Chocolat

            One of my favorite movies is Chocolat.  The 2000 movie is set in a small French village in the late 1950’s, and stars Juliette Binoche, Judy Dench, Alfred Molina and Johnny Depp.  I love it because it is a good movie, but more than its cinematic quality I love it because of its message.  In the movie Vianne is a skilled maker of chocolate who wanders throughout France and finds herself settling and setting up shop in a very traditional French village.  When she arrives in this village, there is great distrust and even hatred toward her and her daughter.  This animosity involves many factors, but it is pinned on the fact that she has the nerve to open a chocolate shop right in the middle of Lent.  For the citizens of this village, Lent is seen as a time of denial and repentance, and when one in their village does not conform to their practice they do everything they can to drive her away.  The leader of the town tells Vianne early in the movie that their ancestors drove those accursed Huguenots away in a matter of weeks and that she presents a far less challenge than they did.

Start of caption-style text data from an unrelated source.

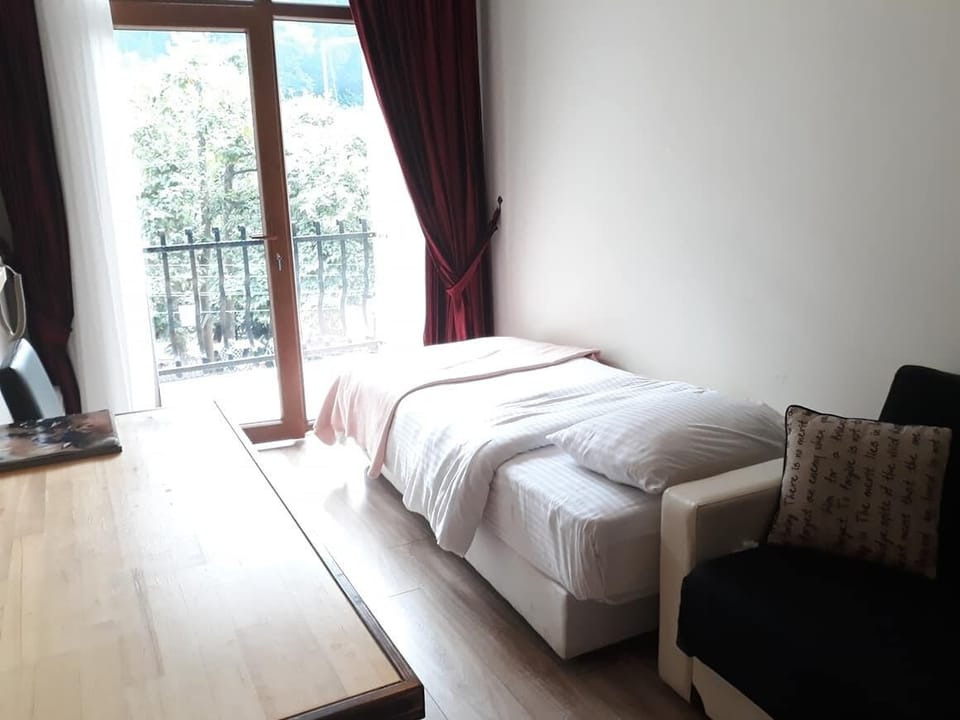 Quadruple Room | Desk, soundproofing, free WiFi, wheelchair access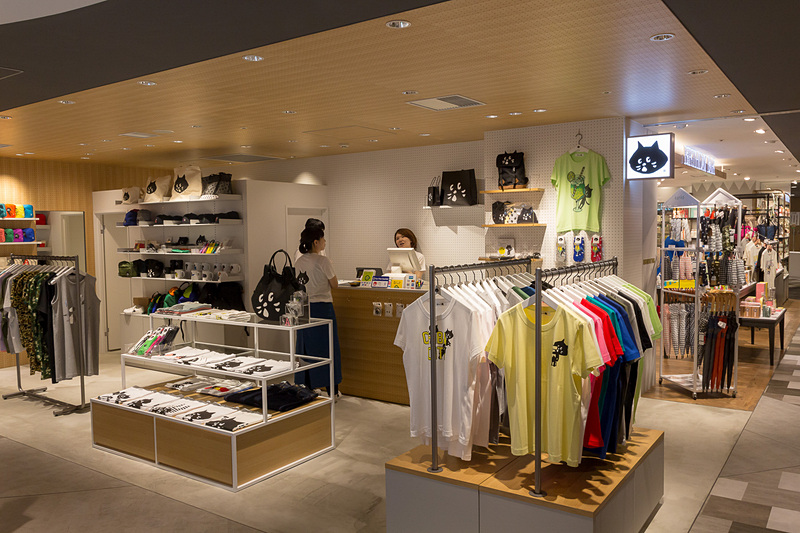 ストリート1の1階はファッション関連や生活雑貨のショップが数多く並ぶ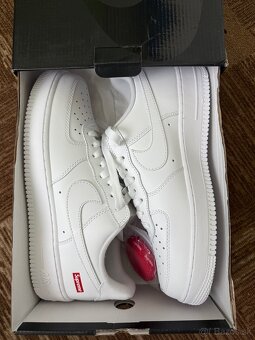 Supreme x Nike Air Force 1 Low White - 2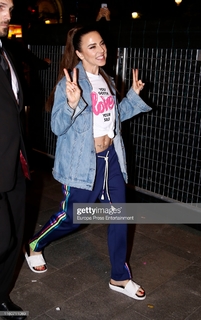 Melanie C feet photo thumbnail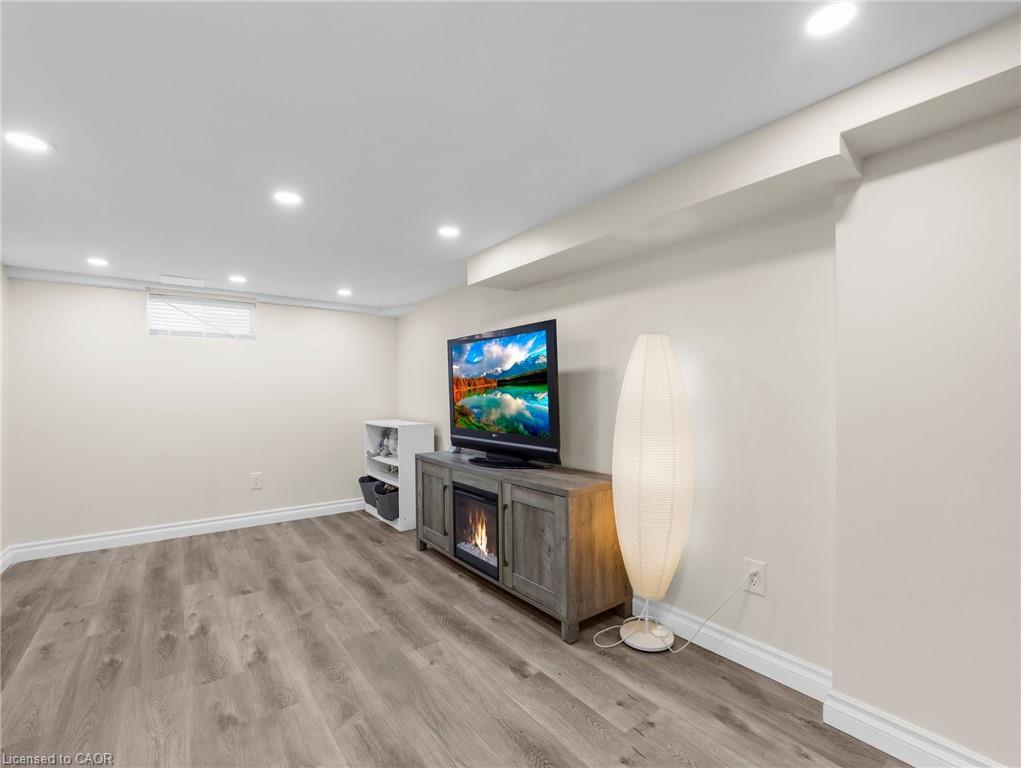 114 Burton Street, Hamilton, ON - Indoor Photo Showing Basement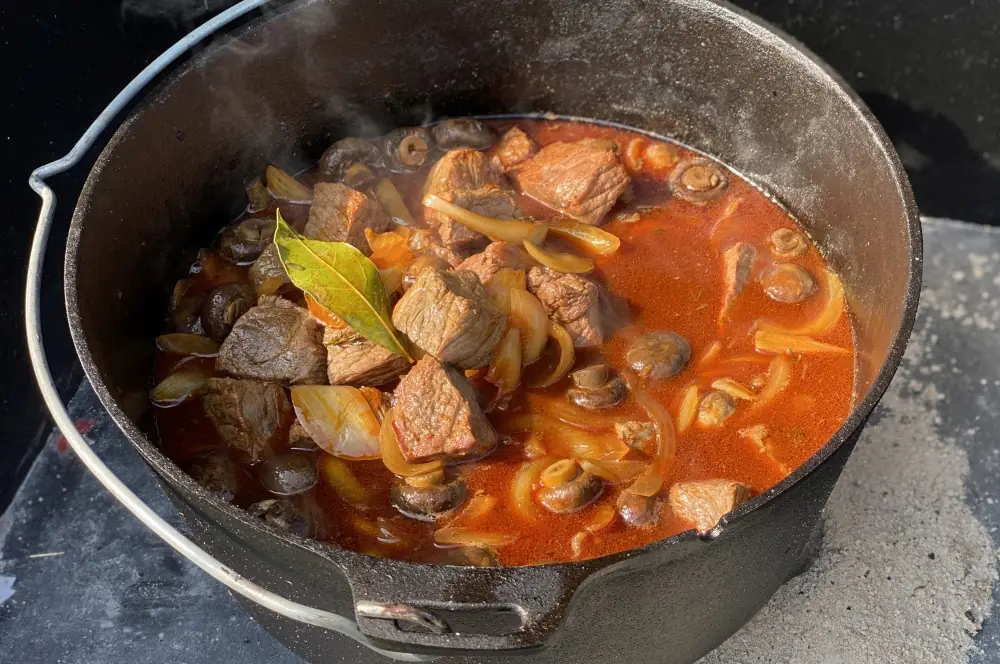 Das Biergulasch muss regelmäßig umgerührt werden
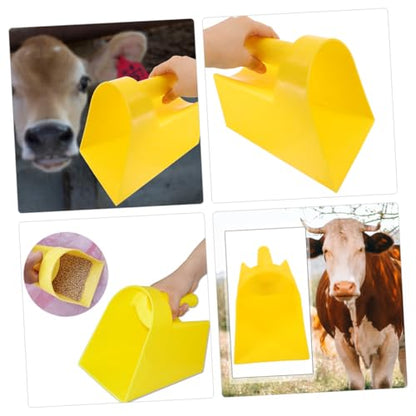 Abaodam 2Pcs Heavy Duty Plastic Feeding Shovel Capacity Livestock Food Scoop for Poultry and Farm Use Ergonomic Handle for Comfortable Grip Durable Design for Efficient Feeding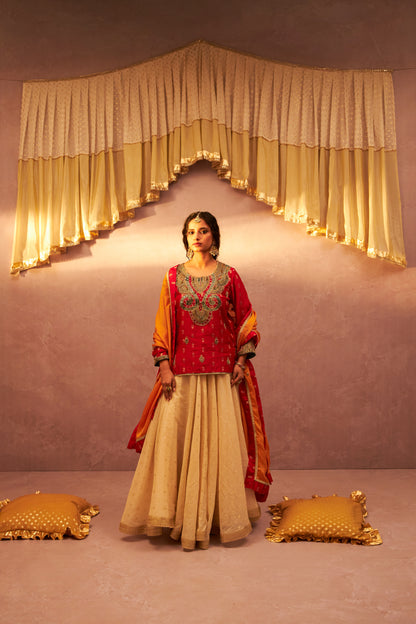 Noor Manjari Embroidered Kurta - 1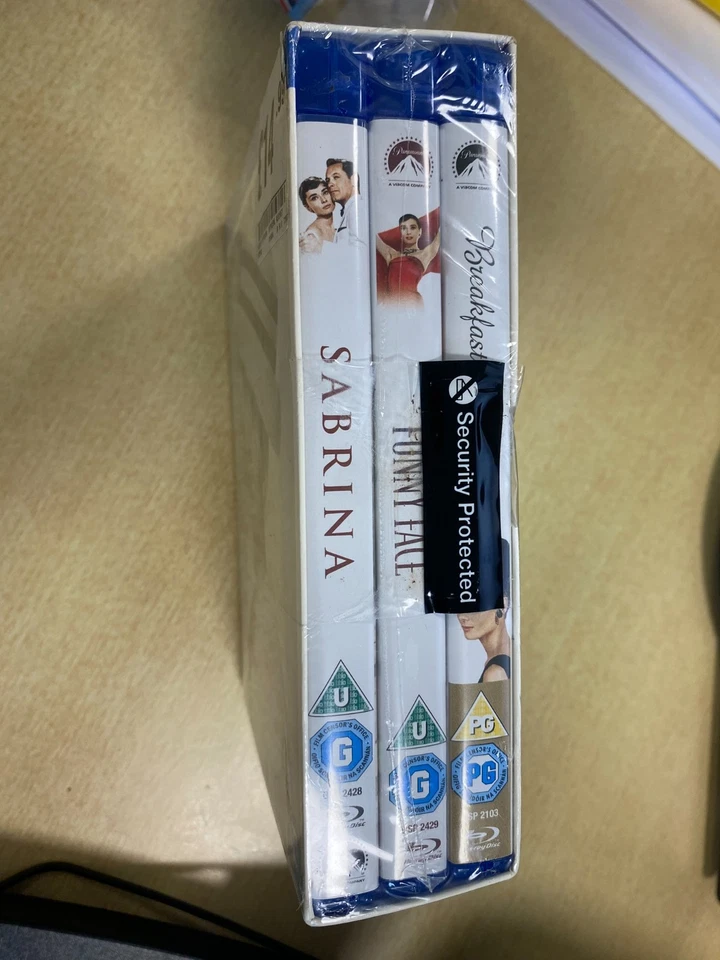 Audrey Hepburn Collection Blu-ray - 3 Films including Breakfast at Tiffanys NEW - Image 2 of 3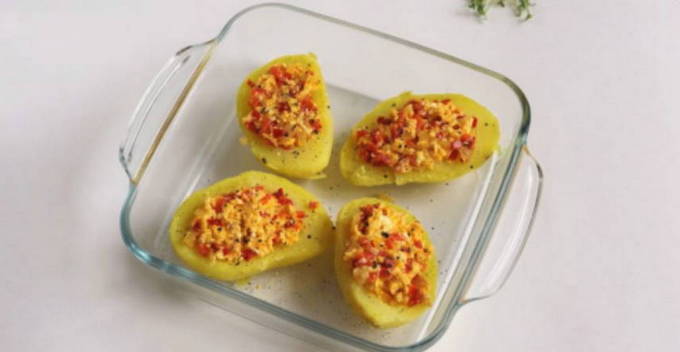 Запеченная картошка с начинкой в духовке Запеченная картошка с начинкой в духовке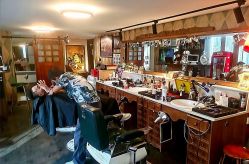 -Libertines barbershop 浪子理发店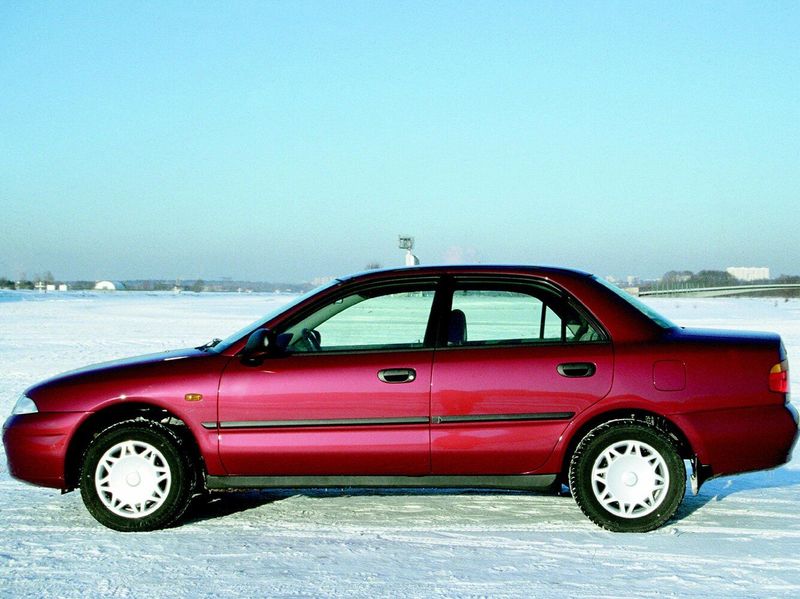 Mitsubishi Carisma I, Седан — вид слева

            What makes the movie difficult is that Vianne, though an outsider, befriends hurting people and treats them with love that should have been coming from the Christian community.  She helps a lady who is abused by her husband, and welcomes a group of drifters while the village launches a campaign to “boycott immorality.”  The priest of the church is caught in the middle of all of this.  He knows that something is wrong with the way the Christians are acting, especially the mayor of the town who writes his sermons for him and coaches him all along the way.

            What challenges me most about the movie is precisely the thing that I need to hear the most: too often Christians are far more concerned with their rules, rituals, and pious appearances than they are with welcoming the stranger in their midst or offering healing to the hurting.  Chocolat makes this point abundantly clear, and I hope you’ll watch this movie.

            It is said that the Baptist preacher and sociologist Tony Campolo was once speaking to a group of conservatively pious Christians and told them that “every day 30,000 children die because of hunger and preventable diseases[1] and you don’t give a damn.”  He quickly continued, “and what’s so bad is that you are more upset that I said damn than about the 30,000 children who are dying today.”

            May God bless us to major on the majors and minor on the minors.


          [1].  Ronald J. Sider, Rich Christians in an Age of Hunger: Moving from Affluence to Generosity, New ed. (Lanham, MD: Thomas Nelson, 2005), 3.